既存の採用チャネルにおいては、求人フリーペーパーやハローワーク、チラシなど「待ち」の採用方法が主流でしたが、近年では企業が求職者に対して直接アプローチする「攻め」の採用方法が増えてきています。

注目すべき採用チャネル

人材獲得が困難な状況の中、注目すべき採用チャネルが、以下に紹介する新たなリクルーティング手法です。

ダイレクトリクルーティング

「ダイレクトリクルーティング」とは、従来の採用チャネルを利用せず、採用したいと思う人材に企業が直接アプローチして入社を働きかける手法です。

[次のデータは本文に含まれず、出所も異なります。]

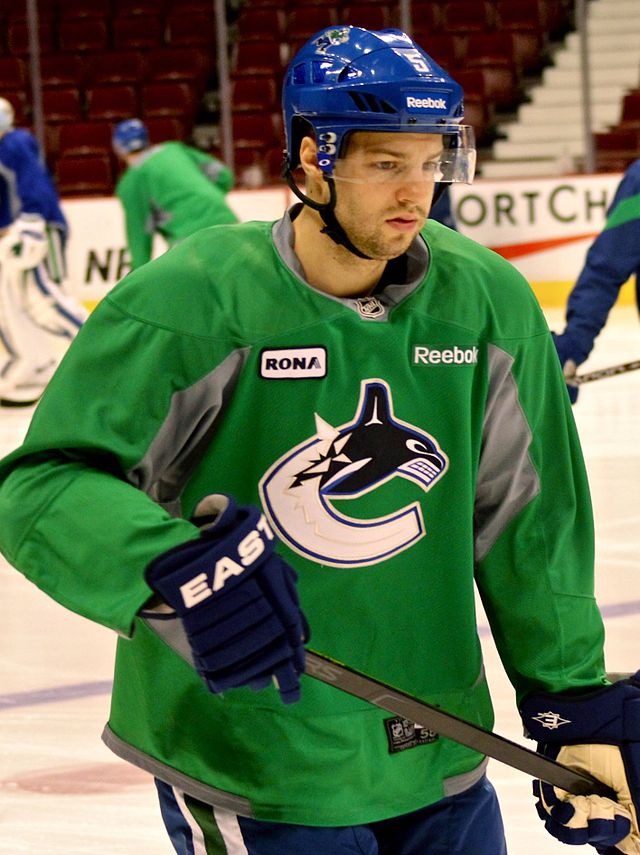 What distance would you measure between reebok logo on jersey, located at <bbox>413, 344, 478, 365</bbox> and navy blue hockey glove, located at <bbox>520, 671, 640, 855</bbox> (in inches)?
12.4

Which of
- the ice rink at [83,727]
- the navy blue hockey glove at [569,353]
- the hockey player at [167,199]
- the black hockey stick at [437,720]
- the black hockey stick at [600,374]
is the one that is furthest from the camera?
the hockey player at [167,199]

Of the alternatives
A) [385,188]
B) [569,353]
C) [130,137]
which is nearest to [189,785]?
[385,188]

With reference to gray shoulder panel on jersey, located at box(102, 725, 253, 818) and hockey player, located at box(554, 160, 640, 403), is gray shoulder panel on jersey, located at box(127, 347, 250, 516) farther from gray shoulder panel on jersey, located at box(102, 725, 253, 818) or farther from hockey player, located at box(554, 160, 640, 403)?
hockey player, located at box(554, 160, 640, 403)

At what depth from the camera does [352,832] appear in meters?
1.46

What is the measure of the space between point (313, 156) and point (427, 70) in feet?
0.41

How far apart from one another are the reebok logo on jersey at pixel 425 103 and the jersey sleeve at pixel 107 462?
0.23 m

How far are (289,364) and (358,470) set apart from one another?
0.11 m

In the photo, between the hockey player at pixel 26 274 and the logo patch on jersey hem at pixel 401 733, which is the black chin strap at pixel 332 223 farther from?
the hockey player at pixel 26 274

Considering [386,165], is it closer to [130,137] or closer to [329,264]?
[329,264]

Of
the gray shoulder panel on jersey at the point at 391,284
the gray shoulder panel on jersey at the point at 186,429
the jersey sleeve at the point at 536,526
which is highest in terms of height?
the gray shoulder panel on jersey at the point at 391,284

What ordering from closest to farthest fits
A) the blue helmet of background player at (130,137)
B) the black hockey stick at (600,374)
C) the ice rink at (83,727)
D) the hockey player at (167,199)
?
the ice rink at (83,727), the black hockey stick at (600,374), the hockey player at (167,199), the blue helmet of background player at (130,137)

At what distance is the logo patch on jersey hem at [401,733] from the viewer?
1.48 meters

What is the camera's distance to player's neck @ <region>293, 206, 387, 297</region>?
1.48 meters

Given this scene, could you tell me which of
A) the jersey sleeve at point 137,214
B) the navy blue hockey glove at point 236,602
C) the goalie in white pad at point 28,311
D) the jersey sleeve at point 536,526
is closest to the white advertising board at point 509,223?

「ダイレクトリクルーティング」は、狭義には企業が求人専用のデータベースで人材を探す「ダイレクトソーシング」と同じ意味ですが、広義には、下記に紹介する「リファラルリクルーティング」と「ファストリクルーティング」の意味も含む場合があります。

ソーシャルリクルーティング

ソーシャルリクルーティングとは、インターネットのSNSを採用活動に利用する方法です。SNS(social networking service)とは、ツイッターやフェイスブックのように不特定多数の人々の交流をオンラインでサポートする、コミュニティ型Webサイトのこと。

SNSの本場アメリカでは、ほとんどの企業がソーシャルリクルーティングを利用しています。SNSは企業が採用活動に利用できるだけでなく、SNSに書かれた内容を元に不適切な人材をスクリーニングすることも可能です。

SNSは情報の拡散力が高く、旧来の採用チャネルでは把握できない潜在的な求職者にもアプローチが可能です。

リファラルリクルーティング

「リファラル(referral)」は英語で「紹介」「推薦」の意味。「リファラルリクルーティング」はハローワークや求人サイトといった外部の採用チャネルを頼らず、信頼できる社員の紹介と推薦を頼りに人材を探して採用につなげる方法をいいます。

リファラルリクルーティングのメリットは、社員の推薦によるため会社とのマッチング率が高いこと、紹介者の社員と同じ技術や知識を持つ高付加価値の人材を集めやすいこと、求人広告を利用しないため採用コストが削減できることなどがあげられます。

一方で、リファラルリクルーティングの応募者が不採用になったり不祥事を働いたりすると紹介者の立場が悪くなることや、特定の社員の友人知人を雇うことで社員の派閥化を招きかねないことには注意しなければなりません。

オウンドメディアリクルーティング

オウンドメディアリクルーティングは、自社で運営する公式サイトやブログを利用して採用活動を行うこと。WebサイトにSNSのリンクボタンを設定すれば、上述のソーシャルリクルーティングとの相乗効果も期待できます。

オウンドメディアリクルーティングは、自社メディアで採用情報を発信するため会社概要や採用条件などの情報を詳しく開示できるのがメリット。応募者とのミスマッチが少なく、広告費用はほとんど無料で期限や制限もありません。

またSNSを含めたオンラインのオウンドメディアは機能性や表現性が高く、拡散性にも優れています。オウンドメディアによって情報を継続的に発信すれば、採用情報以外でも企業の認知度が高まり、ブランディングに効果を発揮できるのもメリットです。

一方、オウンドメディアで情報の更新や応募者とのコンタクトを怠ると、応募者や消費者の信頼をすぐに失う恐れもあります。しかも拡散性が高いため、ひとたび問題が起きると「炎上」して大きな騒動に発展する危険性もないとはいえません。

ファストリクルーティング

ファスト・リクルーティングは求人専用の検索エンジンを利用した人材の募集手段です。求人専用の検索エンジンで気になる仕事を選ぶと、会社の公式Webサイトにジャンプします。

求人専用検索エンジンは一般的な求人サイトではなく、求人情報の検索システムなので、利用者登録は必要ありません。しかも検索結果には求人情報だけが表示されるため、スマートフォンでもストレスなく希望の会社にアクセスできます。

企業側にとっても求人サイトと契約したり広告を掲載したりする必要がなく、基本的に無料で求人情報を掲載できることも大きなメリットといえるでしょう。

ただしファストリクルーティングでは検索エンジンを経由して求職者を企業のサイトに誘導するため、あらかじめ求人用のオウンドメディアを開設する必要があります。

逆に言えばすでにオウンドメディアで求人情報を発信している企業にとっては求人専用の検索エンジンを活用することで集客数の向上が期待できるメリットがあります。

その意味ではファストリクルーティングは、ソーシャルリクルーティングとオウンドメディアリクルーティングを補助する手法といえるでしょう。

まとめ

採用チャネルとは、企業が就職希望者を募集する手段のことです。

人材獲得が困難な状況の中で、企業が積極的に人材を募集する新たな採用チャネルが注目されています。

ダイレクトリクルーティングは企業が直接応募者に入社を働きかける手法です。

ソーシャルリクルーティングはSNSを求人に利用する手法です。

リファラルリクルーティングは社員の紹介や推薦により人材を獲得する手法です。

オウンドメディアリクルーティングは自社のWebサイトで採用活動を行う手法です。

ファストリクルーティングは求人専用の検索サイトを利用する手法です。